Figure 1: Conceptualization model


The general objective of this study is to find the relationship between financing decisions (capital structure) and the profitability of cement companies in India. Other specific objectives are as follow:

  • Explore the relationship of Debt/Equity ratio with Gross Profit Ratio, Return on Capital Employed and Return on Equity.
  • Explore the relationship of Debt/ Total Fund Ratio with Gross Profit Ratio, Return on Capital Employed and Return on Equity.

Database and Research Methodology

To achieve the objective, data has been collected from secondary source by going through various web sites and annual reports of the selected companies. The reference period of the study is five years i.e. which is from the financial year 2009-10 to 2013-14 during this period of time recorded 65 percent growth in production. Out of 42 cement companies listed on Bombay stock exchange (BSE) top 10 companies have been selected. These companies capture almost ninety percent of the total market share of cement Industry.

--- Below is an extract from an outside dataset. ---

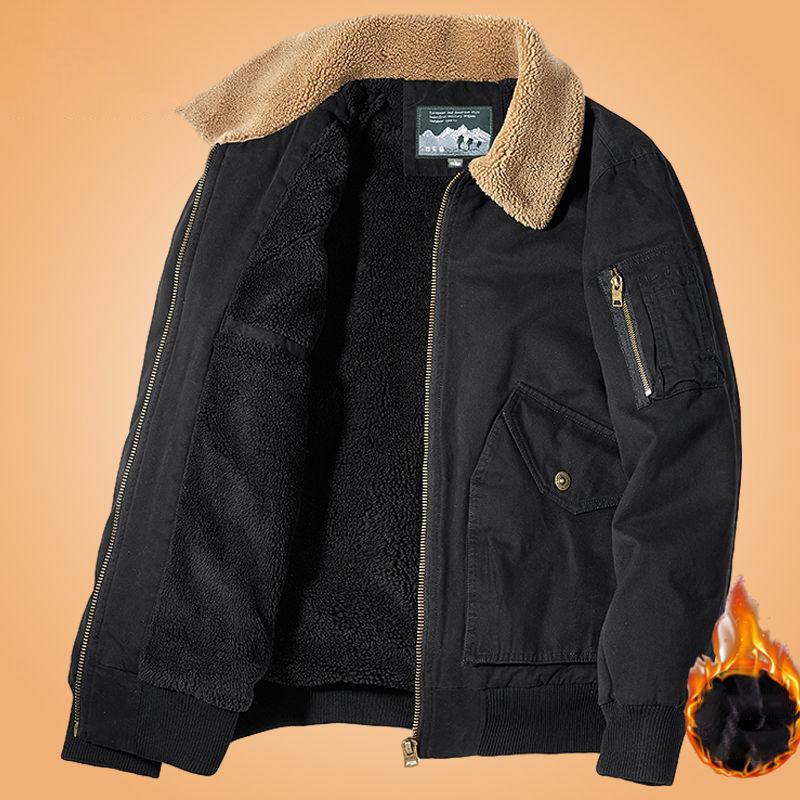 Зимнее пальто, красивый мужской рабочий плюс хлопковая толстая овечья шерсть плюс бархатное толстое хлопковое пальто Свободная военная форма хлопковая куртка в стиле ретро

Debt to equity ratio and debt to total fund ratio have been taken as proxy variables for Capital structure and profitability has been measured by return on capital, return on equity and gross profit ratio. Mean and Standard deviation of all these ratios and Pearson product correlation analysis has been computed with the help of SPSS to find the relationship between capital structure and profitability.

Results and Discussion

The first section of result and discussion discuss about the individual companies performance during the period of study.

The table 1 depicts that among all the cement companies JP cement, Ramco cement and Prism cement are highly leveraged companies having highest debt to equity ratio i.e. 1.57, 1.21 and 1.06 respectively. On the other side companies like ACC cement, Ambuja cement and Ultratech cement are low leveraged with lowest debt to equity ratio with the mean score of 0.05, 0.01 and 0.43 respectively.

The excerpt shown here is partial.